PROVIDED DATA:
:::

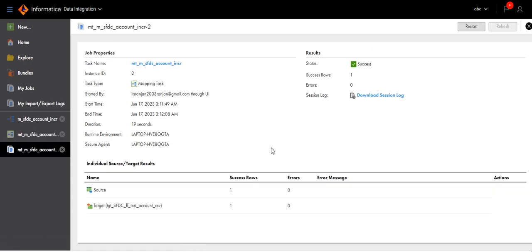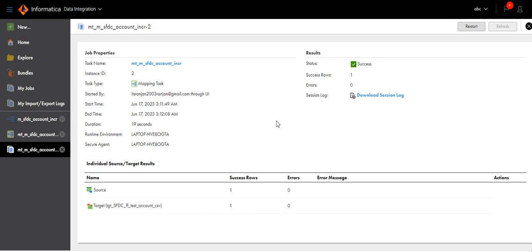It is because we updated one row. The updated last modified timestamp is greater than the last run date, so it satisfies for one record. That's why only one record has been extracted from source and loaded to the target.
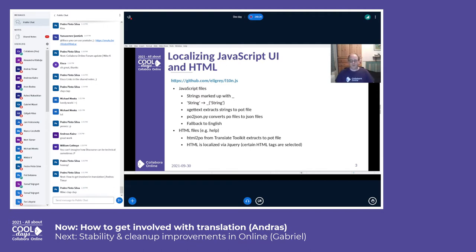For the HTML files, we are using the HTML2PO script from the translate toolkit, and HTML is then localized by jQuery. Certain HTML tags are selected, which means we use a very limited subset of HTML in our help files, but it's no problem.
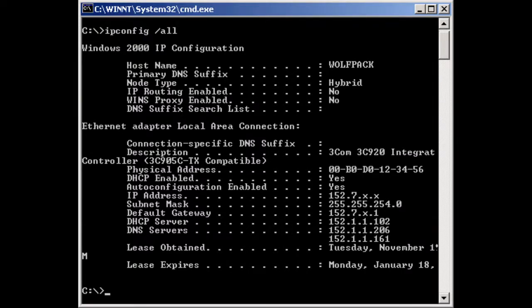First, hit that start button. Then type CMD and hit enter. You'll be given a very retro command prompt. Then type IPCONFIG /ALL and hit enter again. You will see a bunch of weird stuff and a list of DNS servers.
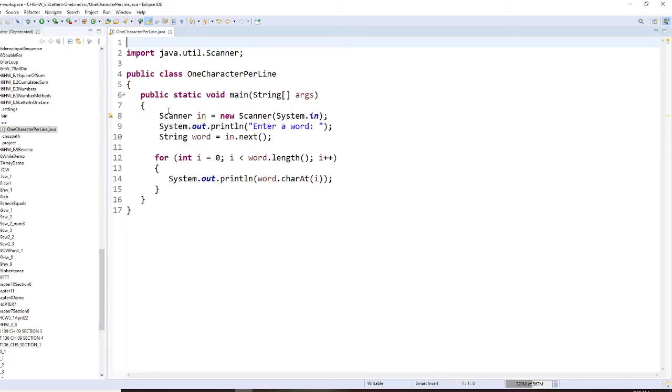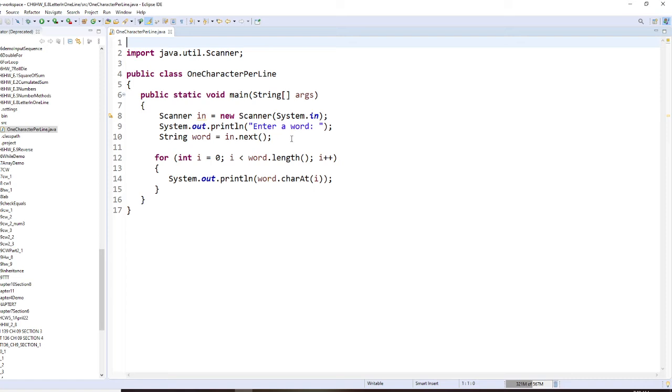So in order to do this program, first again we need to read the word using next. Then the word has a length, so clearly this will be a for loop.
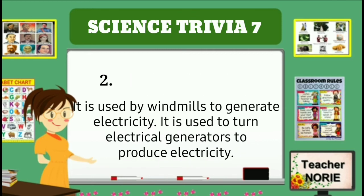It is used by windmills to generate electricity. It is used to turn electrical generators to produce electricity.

:::

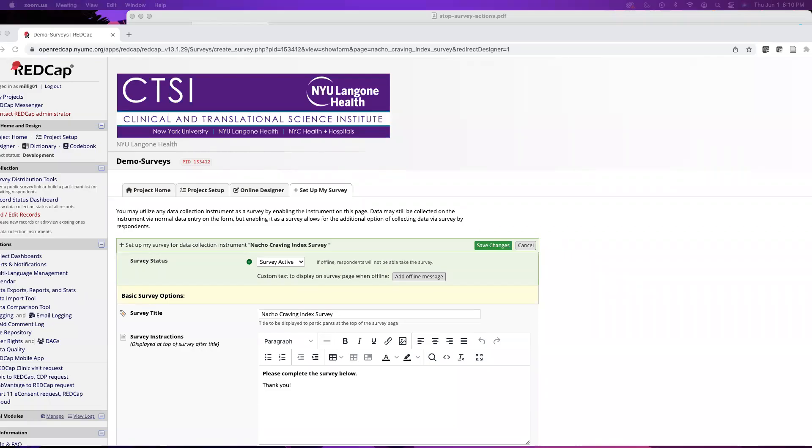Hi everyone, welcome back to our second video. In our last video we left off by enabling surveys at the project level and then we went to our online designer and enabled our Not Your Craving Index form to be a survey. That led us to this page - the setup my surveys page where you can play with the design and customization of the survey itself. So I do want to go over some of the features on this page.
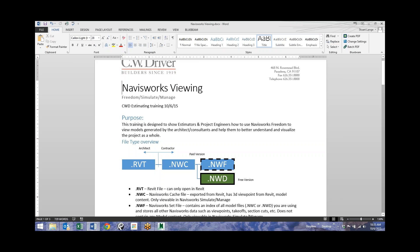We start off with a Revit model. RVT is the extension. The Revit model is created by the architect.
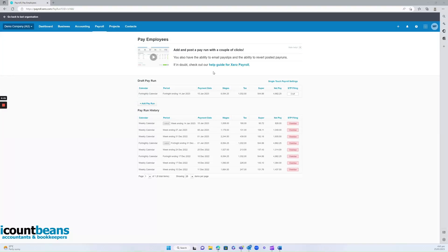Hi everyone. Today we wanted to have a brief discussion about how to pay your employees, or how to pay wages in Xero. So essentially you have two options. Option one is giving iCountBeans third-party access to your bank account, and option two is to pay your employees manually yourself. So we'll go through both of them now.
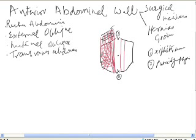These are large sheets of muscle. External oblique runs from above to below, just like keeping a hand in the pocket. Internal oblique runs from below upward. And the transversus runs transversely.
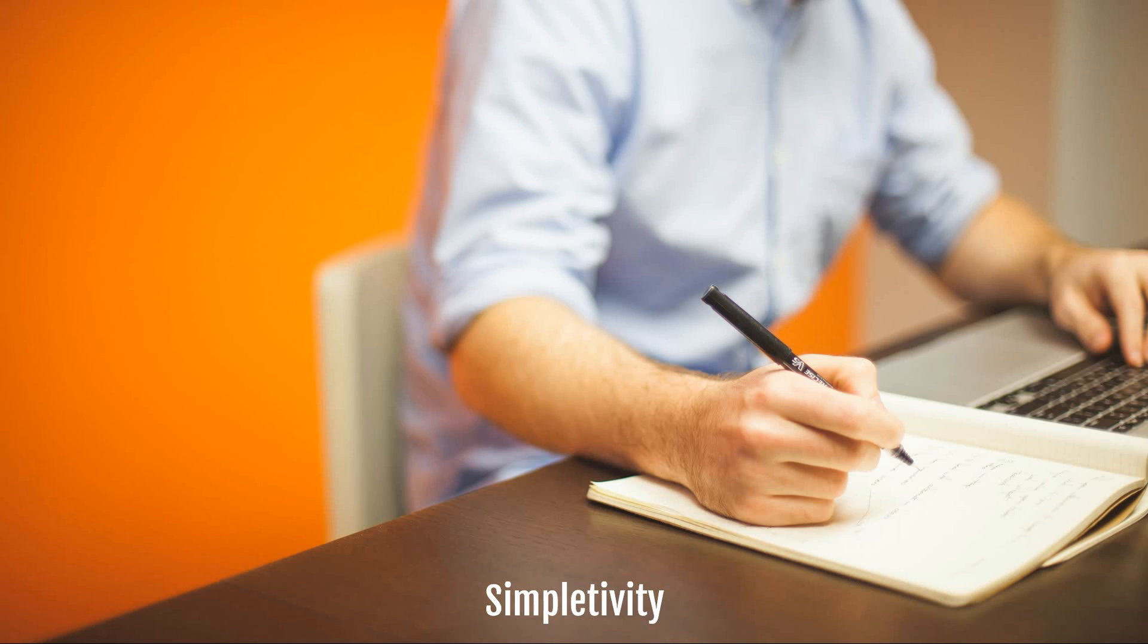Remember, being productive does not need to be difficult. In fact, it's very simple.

:::

Reproduce, exactly and only, the lines of the records above starting at the line with "It is because" and ending at the line with "For the HTML", both included. Leave every picture out.

ANSWER:
It is because we updated one row. The updated last modified timestamp is greater than the last run date, so it satisfies for one record. That's why only one record has been extracted from source and loaded to the target.
For the HTML files, we are using the HTML2PO script from the translate toolkit, and HTML is then localized by jQuery. Certain HTML tags are selected, which means we use a very limited subset of HTML in our help files, but it's no problem.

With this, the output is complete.